In my recent blog “Does Automation Really Eliminate Human Error?” I wrote about the importance of observability in automated systems to ensure that the “automation” at hand does not rely on flawed programming to produce its results. An automated system, after all, is only as good as the code with which it is built.
In this second blog focused on automated systems, I start with an example from the world of finance to demonstrate how interactions between those systems can yield unforeseen consequences.
On Monday, October 19, 1987, the Dow Jones Industrial Average fell by 22.6 percent and the S&P 500 by 20.4 percent in a single day of trading. When the dust had settled the following day, it’s estimated that $1.7 trillion had been wiped from the value of markets worldwide, with $500 billion lost in the United States alone.
Most observers agree there was a distinct bubble in the markets of early October 1987, and those markets were certainly due a correction. However, many also believe there was a second factor that contributed to the crash: it was the first time there was a significant number of automated trading algorithms in play when a major shift in the markets started.
By 1987, a situation had developed in which market traders were a mix of humans and automated trading algorithms. Each algorithm was developed in isolation to meet a specific goal, but perhaps more importantly, each algorithm was permitted to operate autonomously when interacting with other traders, including other algorithms.
We shouldn’t expect trading algorithms to cooperate and prevent a market crash—their job is to maximize profits and minimize losses for their operators. After all, human traders would behave no differently. Indeed, as the markets started to slide on October 19, the trading algorithms behaved quite logically—and sold heavily.
The Importance of Feedback Loops
In my previous blog, I discussed how automation doesn’t exclude the possibility of human error. However, in the case of the 1987 crash, the problem wasn’t trading algorithms behaving erroneously; it was that the collective result of their interactions hadn’t been fully anticipated. And this is my key point here: as we interconnect systems that were independently designed to complete specific tasks, we should not be surprised if we elicit unexpected outcomes.
The concept of feedback is familiar to all of us: feedback occurs when we create a chain of connections, and the end of the chain is connected back to its start. At this point, we have—either by design or by accident—created a feedback loop.
Negative feedback is an enormously useful mechanism that is present in almost all complex systems, whether mechanical, electrical, software, or natural. For example, negative feedback keeps our drones in the air and our bodies at the correct temperature. By contrast, positive feedback often results in an unstable and undesirable outcome. Most of us have experienced the horrible howling that occurs when a microphone is held too close to the speaker in a public address system.

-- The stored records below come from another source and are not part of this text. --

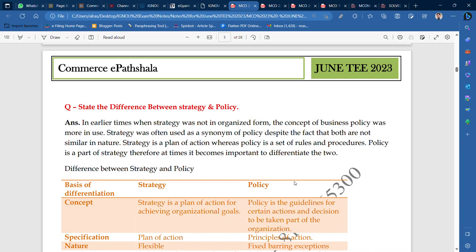Hey guys, welcome to Commercy Paatshala. I hope that you will be able to prepare for the exam. The exam is going to start in June. The time is very low. You can take notes from me. I am going to state the difference between strategy and policy, MCO 23. A very important topic, a very important subject as well. This is an MBA subject which has been included in AMCOM.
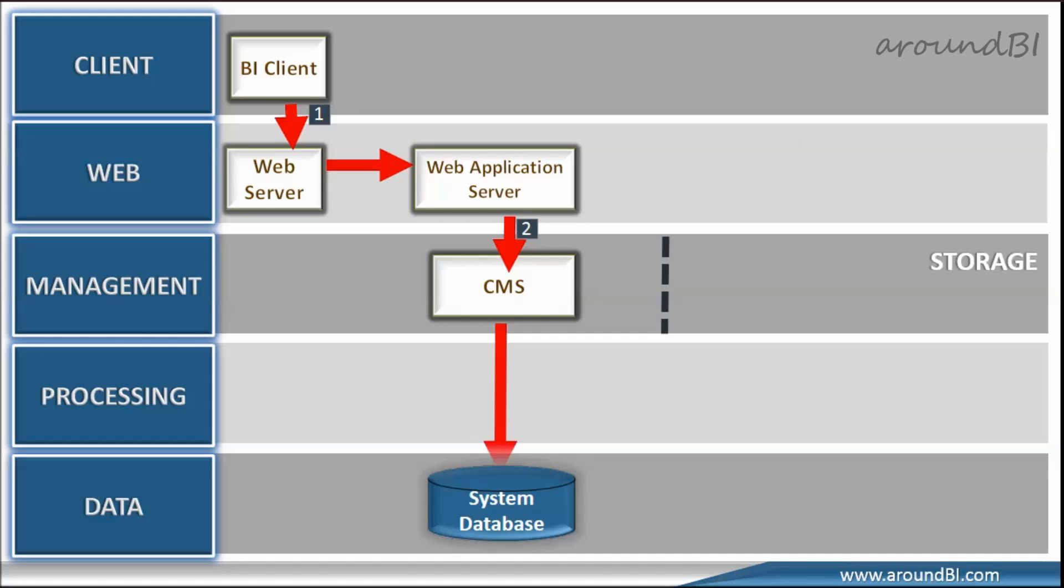CMS first checks with system database to ensure that user has sufficient rights to run the schedule. CMS maintains metadata information on system database. It includes metadata information about reports. So, if user has sufficient rights to schedule the report, CMS adds a new record to the system database. CMS also adds the instance to its list of pending schedules.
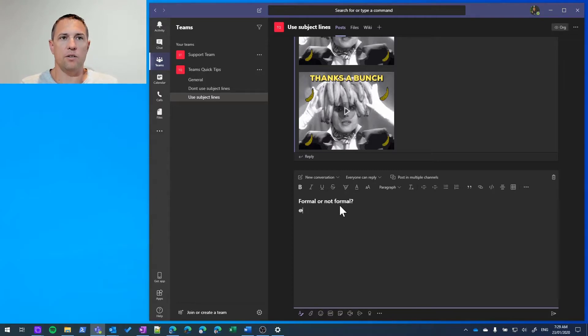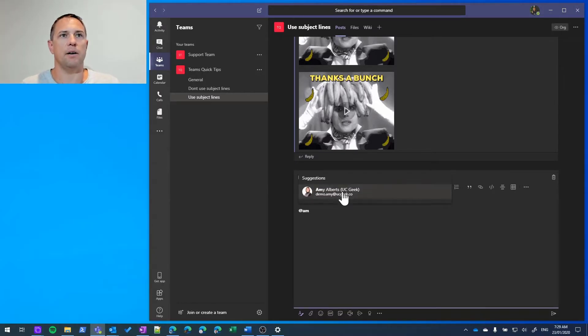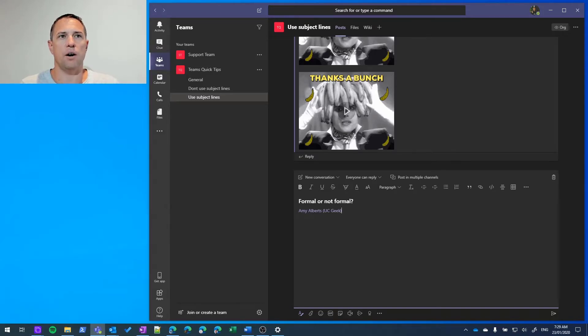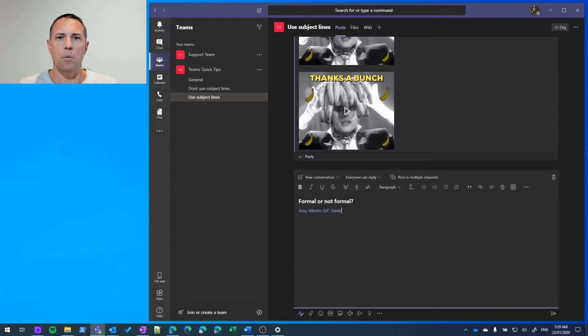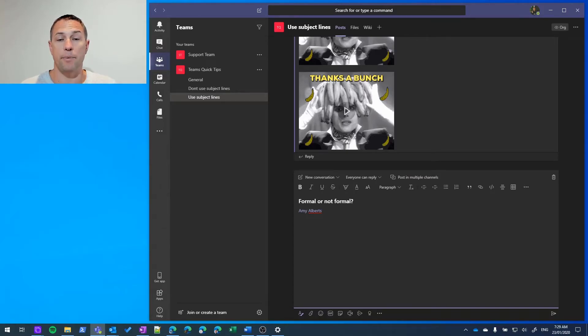mention we use the @ symbol, okay, and let's use Amy as our example. There she is. Now once I've added it, you'll see it's in its full name format. But what I can do straight after I've added it is I can actually hit backspace - that's got rid of the company information - and then I can hit backspace again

In complex systems such as IT environments, it’s increasingly common to allow systems to share data. For example, the owners of System A may decide their system can benefit from information produced by System B. Because most modern systems make such data sharing straightforward, it should be easy to allow System A to ingest and act on data from System B. However, the owners of System A may be blissfully unaware of what else System B is connected to.
It’s therefore important to recognize that whenever we connect two systems together, we are creating a new “supersystem.” If we do not understand how the original systems are already connected to more distant systems, the supersystem we create may be substantially more extensive than we realize. We may even create unanticipated feedback loops.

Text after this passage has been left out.